___ Data extract

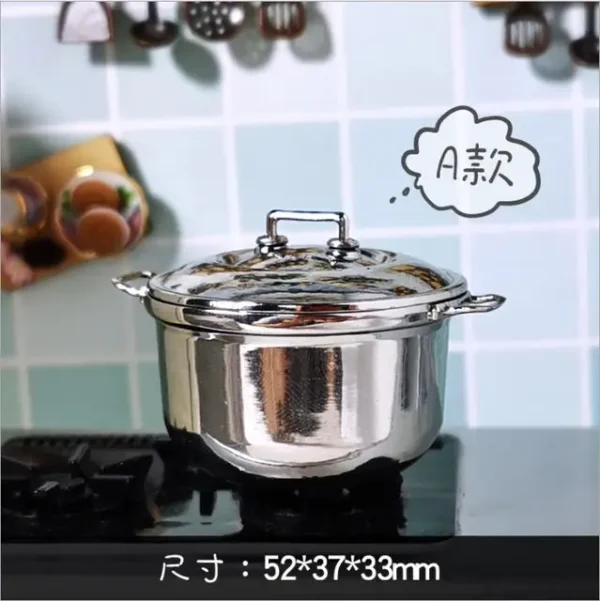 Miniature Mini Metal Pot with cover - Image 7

______
___ Data extract

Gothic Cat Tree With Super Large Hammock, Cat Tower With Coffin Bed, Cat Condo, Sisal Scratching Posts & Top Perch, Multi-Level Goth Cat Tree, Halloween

______
___ Data extract

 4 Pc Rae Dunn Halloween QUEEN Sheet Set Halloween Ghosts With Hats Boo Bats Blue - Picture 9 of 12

______

■ What needs to be done
Check each line of the listing for "Halloween", and copy the ones that hold it.

■ Finished task
Gothic Cat Tree With Super Large Hammock, Cat Tower With Coffin Bed, Cat Condo, Sisal Scratching Posts & Top Perch, Multi-Level Goth Cat Tree, Halloween
 4 Pc Rae Dunn Halloween QUEEN Sheet Set Halloween Ghosts With Hats Boo Bats Blue - Picture 9 of 12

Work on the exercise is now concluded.